One look at Hancock Photography and Digital Media and it is evident that Julius uses a combination of candid and digitally designed photographs. His graphic design skills allow him to stand out from the crowd in a unique way. He says, “To me, the goal of photography is to capture a moment in time.” Although Julius aims to keep his work as realistic as possible, he is also extremely imaginative and often uses his creative whims to create unique snapshots of everyday life. When he wants to maintain the original beauty of an image, he merely enhances the lighting and colors to recreate what his camera cannot capture. Some of his images are created purely out of his imagination like the one featured on the right. He made a toothpick soldier and then took photos of the shadow that was cast on a white background. This proves that Julius is versatile in the images he can capture and create.
His work has captured the eye of the Manilla Zoo in the Philippines.
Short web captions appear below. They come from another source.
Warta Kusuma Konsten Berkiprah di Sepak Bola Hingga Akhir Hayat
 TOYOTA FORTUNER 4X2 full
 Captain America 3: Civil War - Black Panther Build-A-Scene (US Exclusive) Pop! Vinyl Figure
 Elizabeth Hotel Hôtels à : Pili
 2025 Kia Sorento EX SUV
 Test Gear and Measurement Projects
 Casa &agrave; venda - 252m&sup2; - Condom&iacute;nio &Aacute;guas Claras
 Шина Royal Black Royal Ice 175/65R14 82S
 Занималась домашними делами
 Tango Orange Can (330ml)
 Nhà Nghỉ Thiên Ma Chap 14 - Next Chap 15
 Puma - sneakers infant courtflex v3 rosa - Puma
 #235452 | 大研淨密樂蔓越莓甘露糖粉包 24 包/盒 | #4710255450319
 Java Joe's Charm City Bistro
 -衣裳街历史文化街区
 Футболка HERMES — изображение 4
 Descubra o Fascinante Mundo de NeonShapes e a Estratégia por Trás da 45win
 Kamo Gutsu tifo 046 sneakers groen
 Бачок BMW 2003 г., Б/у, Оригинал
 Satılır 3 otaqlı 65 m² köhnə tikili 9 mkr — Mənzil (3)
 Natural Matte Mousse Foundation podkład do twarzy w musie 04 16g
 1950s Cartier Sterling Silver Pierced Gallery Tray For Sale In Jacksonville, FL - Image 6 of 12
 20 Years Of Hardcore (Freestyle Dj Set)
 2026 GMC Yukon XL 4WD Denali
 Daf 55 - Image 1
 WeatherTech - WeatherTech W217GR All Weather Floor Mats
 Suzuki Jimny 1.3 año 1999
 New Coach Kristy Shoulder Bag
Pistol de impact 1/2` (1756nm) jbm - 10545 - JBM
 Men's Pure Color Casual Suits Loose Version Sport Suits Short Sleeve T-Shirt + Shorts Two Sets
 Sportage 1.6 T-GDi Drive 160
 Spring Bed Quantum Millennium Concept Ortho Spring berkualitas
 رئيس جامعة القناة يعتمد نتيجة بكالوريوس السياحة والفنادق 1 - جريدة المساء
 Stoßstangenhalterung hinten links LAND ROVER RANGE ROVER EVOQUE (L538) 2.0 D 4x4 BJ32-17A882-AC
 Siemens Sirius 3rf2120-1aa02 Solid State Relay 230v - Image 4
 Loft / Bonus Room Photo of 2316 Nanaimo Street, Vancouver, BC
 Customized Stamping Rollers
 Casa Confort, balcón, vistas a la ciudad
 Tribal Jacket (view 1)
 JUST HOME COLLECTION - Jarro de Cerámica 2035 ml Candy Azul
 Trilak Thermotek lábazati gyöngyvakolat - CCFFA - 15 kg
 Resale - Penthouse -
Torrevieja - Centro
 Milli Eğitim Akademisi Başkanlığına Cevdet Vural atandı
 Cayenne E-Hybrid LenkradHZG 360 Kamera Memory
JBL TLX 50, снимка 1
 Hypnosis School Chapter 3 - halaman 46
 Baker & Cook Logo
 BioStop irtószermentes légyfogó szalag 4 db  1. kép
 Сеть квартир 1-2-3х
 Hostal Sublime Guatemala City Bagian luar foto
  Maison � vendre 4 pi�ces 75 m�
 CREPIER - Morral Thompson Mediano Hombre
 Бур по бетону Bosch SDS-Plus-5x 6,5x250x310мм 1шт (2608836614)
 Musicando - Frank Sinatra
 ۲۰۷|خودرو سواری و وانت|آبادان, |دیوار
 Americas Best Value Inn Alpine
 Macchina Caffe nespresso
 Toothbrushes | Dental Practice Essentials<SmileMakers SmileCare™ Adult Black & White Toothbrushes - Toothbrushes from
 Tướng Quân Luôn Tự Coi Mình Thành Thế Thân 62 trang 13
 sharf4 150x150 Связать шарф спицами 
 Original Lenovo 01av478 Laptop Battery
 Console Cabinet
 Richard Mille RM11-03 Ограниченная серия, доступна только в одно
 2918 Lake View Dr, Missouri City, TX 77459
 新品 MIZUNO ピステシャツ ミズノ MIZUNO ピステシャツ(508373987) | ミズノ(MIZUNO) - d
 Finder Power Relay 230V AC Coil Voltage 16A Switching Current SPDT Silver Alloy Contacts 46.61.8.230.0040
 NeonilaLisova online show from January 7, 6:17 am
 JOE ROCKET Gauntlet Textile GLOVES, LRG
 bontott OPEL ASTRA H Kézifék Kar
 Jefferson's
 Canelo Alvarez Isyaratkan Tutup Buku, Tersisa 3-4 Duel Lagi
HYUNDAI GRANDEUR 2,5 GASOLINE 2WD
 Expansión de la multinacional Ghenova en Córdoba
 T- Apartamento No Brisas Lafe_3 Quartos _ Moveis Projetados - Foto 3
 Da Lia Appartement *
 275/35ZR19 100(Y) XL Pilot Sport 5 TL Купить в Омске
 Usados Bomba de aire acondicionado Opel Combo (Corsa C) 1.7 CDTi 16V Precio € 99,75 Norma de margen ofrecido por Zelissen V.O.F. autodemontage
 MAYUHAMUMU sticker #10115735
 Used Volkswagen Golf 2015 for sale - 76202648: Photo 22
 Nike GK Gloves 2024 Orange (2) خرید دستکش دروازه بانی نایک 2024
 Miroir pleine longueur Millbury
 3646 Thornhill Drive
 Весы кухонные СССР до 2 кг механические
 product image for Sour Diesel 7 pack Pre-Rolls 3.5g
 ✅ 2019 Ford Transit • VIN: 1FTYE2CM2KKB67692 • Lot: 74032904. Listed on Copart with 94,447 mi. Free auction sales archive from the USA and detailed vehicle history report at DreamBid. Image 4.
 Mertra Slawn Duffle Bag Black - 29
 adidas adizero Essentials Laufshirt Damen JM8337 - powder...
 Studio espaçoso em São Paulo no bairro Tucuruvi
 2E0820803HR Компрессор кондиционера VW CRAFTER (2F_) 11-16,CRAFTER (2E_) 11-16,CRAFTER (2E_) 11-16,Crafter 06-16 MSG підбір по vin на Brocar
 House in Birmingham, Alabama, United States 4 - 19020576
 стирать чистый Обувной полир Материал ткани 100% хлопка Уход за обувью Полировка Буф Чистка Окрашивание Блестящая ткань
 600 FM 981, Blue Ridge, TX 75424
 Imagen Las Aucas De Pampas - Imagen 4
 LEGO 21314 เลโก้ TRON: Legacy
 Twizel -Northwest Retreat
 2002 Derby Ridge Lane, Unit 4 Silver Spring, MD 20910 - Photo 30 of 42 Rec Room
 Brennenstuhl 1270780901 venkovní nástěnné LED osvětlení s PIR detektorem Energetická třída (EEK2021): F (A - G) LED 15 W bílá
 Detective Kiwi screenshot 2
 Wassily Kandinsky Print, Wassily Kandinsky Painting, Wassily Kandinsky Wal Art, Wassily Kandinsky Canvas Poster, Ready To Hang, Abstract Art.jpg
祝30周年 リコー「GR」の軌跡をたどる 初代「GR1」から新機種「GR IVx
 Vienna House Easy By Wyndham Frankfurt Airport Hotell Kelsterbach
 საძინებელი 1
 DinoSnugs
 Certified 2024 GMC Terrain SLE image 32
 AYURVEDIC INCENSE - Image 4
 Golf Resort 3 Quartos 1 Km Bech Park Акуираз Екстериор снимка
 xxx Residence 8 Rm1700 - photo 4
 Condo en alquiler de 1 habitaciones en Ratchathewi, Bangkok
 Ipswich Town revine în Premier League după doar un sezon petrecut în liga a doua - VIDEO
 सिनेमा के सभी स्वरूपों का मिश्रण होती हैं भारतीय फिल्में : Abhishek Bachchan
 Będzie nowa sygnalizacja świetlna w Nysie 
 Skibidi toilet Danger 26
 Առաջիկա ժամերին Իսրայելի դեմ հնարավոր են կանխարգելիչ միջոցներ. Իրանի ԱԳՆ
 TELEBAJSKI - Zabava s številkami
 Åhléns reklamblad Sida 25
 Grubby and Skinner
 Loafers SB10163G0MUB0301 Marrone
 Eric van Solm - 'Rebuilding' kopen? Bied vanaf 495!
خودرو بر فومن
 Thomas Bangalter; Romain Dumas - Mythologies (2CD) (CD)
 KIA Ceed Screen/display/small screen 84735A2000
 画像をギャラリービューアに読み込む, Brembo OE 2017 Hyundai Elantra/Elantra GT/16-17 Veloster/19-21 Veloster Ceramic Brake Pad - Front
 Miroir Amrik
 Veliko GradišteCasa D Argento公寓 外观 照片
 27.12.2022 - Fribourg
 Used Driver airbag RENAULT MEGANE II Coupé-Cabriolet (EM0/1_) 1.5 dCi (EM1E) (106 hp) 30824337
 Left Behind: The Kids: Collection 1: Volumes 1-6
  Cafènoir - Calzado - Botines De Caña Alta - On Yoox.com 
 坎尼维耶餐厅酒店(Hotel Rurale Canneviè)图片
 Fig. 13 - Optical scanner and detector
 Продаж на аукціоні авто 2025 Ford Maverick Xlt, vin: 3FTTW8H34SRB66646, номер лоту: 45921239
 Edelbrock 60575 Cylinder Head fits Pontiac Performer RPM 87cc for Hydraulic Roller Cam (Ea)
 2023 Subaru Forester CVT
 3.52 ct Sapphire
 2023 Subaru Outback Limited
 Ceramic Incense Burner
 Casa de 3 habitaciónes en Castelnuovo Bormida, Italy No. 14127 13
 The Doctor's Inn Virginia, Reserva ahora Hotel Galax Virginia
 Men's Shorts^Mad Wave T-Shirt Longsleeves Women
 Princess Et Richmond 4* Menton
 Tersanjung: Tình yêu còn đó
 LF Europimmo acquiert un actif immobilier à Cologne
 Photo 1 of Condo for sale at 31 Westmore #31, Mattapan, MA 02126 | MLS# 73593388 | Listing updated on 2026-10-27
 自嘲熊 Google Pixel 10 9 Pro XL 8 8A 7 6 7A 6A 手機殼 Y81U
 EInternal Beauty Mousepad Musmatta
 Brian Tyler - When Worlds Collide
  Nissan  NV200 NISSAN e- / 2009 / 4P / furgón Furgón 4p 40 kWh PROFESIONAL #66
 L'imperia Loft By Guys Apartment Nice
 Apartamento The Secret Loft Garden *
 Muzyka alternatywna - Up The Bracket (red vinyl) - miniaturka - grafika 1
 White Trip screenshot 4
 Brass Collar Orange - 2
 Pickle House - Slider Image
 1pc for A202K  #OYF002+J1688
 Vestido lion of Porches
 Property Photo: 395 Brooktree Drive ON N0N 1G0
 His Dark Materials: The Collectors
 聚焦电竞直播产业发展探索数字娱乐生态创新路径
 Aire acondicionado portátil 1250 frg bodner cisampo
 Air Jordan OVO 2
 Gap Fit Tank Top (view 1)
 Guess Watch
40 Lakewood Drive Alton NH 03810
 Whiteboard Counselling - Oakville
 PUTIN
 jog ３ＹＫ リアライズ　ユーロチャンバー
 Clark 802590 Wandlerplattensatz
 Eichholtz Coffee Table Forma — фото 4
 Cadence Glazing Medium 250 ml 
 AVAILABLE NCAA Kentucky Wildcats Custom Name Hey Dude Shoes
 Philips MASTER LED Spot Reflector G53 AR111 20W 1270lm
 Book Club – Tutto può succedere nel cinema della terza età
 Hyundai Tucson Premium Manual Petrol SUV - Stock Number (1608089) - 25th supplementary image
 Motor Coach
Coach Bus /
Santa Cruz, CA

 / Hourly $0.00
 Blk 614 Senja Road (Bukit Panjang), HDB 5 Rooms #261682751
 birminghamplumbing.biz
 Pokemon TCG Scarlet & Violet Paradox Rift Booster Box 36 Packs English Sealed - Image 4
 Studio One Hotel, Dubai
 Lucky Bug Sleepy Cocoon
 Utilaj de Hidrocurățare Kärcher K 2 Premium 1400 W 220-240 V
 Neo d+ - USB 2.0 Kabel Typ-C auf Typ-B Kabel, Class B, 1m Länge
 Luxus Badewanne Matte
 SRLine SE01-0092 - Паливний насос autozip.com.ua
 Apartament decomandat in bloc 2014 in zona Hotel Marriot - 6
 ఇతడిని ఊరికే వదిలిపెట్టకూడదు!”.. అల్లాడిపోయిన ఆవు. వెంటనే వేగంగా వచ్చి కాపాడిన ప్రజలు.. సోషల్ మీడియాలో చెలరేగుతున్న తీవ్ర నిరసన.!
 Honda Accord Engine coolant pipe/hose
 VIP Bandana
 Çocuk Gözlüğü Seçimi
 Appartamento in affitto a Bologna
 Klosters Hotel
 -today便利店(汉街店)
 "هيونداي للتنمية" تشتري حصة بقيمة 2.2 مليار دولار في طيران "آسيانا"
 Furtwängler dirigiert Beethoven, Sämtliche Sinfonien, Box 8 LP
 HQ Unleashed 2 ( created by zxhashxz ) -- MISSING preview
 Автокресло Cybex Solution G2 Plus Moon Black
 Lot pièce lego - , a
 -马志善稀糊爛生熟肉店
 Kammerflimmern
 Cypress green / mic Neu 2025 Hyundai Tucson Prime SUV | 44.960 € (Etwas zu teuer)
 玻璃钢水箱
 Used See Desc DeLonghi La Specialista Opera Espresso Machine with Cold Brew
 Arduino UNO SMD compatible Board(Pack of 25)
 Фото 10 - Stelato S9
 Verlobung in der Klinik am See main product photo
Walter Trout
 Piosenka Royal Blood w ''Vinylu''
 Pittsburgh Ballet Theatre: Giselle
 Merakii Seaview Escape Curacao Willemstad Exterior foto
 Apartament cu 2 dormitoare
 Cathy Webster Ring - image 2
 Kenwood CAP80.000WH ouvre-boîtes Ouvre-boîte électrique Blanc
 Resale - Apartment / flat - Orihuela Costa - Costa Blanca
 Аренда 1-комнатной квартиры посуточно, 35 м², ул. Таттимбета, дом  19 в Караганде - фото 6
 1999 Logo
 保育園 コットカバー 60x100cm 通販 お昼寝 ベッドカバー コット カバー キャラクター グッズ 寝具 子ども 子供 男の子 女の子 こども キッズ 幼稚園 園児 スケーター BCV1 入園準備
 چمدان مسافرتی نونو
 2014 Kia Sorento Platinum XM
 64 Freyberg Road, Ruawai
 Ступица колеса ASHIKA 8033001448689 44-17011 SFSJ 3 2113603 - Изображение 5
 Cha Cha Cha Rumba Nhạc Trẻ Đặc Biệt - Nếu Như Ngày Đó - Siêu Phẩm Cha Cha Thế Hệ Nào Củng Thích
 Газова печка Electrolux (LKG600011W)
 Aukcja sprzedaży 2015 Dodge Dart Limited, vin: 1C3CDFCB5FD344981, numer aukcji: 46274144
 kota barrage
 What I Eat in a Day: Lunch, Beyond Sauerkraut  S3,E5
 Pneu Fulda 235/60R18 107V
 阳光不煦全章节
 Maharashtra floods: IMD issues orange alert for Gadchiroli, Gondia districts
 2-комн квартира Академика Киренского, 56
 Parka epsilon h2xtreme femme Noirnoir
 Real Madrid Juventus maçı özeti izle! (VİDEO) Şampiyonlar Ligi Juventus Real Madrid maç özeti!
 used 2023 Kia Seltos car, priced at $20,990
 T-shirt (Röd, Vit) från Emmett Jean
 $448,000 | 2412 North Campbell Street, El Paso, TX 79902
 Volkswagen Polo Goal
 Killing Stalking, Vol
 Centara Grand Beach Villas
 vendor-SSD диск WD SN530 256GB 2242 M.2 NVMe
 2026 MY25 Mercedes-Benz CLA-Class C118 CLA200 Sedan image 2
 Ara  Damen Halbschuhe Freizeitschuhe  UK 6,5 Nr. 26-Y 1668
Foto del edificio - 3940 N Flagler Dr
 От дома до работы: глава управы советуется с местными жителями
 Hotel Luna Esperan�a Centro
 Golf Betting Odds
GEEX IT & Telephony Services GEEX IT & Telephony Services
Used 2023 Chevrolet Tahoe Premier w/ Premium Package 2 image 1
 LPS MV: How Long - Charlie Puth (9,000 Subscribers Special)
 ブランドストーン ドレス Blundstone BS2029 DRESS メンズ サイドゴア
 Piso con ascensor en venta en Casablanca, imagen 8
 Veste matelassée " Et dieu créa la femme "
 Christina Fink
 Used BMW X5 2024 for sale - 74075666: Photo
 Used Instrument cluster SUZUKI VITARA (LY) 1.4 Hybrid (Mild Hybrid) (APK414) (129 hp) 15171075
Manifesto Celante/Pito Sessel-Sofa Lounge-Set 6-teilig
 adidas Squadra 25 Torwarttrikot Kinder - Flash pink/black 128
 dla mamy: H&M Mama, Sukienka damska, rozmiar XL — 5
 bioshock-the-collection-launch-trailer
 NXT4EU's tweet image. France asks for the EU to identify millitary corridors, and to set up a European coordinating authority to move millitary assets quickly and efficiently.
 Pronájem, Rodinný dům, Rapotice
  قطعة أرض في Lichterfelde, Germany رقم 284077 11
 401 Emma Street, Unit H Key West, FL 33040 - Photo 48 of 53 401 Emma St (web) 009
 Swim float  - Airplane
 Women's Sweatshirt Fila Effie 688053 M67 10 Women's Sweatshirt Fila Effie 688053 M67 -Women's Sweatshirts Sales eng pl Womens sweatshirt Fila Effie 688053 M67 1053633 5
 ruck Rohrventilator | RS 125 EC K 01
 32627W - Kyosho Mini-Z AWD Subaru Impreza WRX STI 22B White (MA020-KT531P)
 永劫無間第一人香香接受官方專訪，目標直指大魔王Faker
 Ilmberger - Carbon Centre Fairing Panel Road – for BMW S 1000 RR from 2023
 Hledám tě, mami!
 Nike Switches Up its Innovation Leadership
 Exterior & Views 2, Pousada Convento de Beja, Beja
Since Julius was adopted from the Philippines when he was five, the country is an important part of his identity and he takes occasional trips back to his homeland. On his most recent trip, his camera drew the attention of a worker at Manilla Zoo who introduced Julius to the owner. He had recently visited the Roger Williams Park Zoo and was able to demonstrate his ability to capture the personalities of the animals. He will go and shoot the animals and the park this summer. Julius and the owner hope that his photography of the animals will lead to an increase in tourism and revenue, which will benefit their animals. He is hopeful that this is the first of many more large-scale projects and the beginning of actualizing his full potential. “My life revolves around being able to dream openly, but still manage to get through every single day with a purpose.”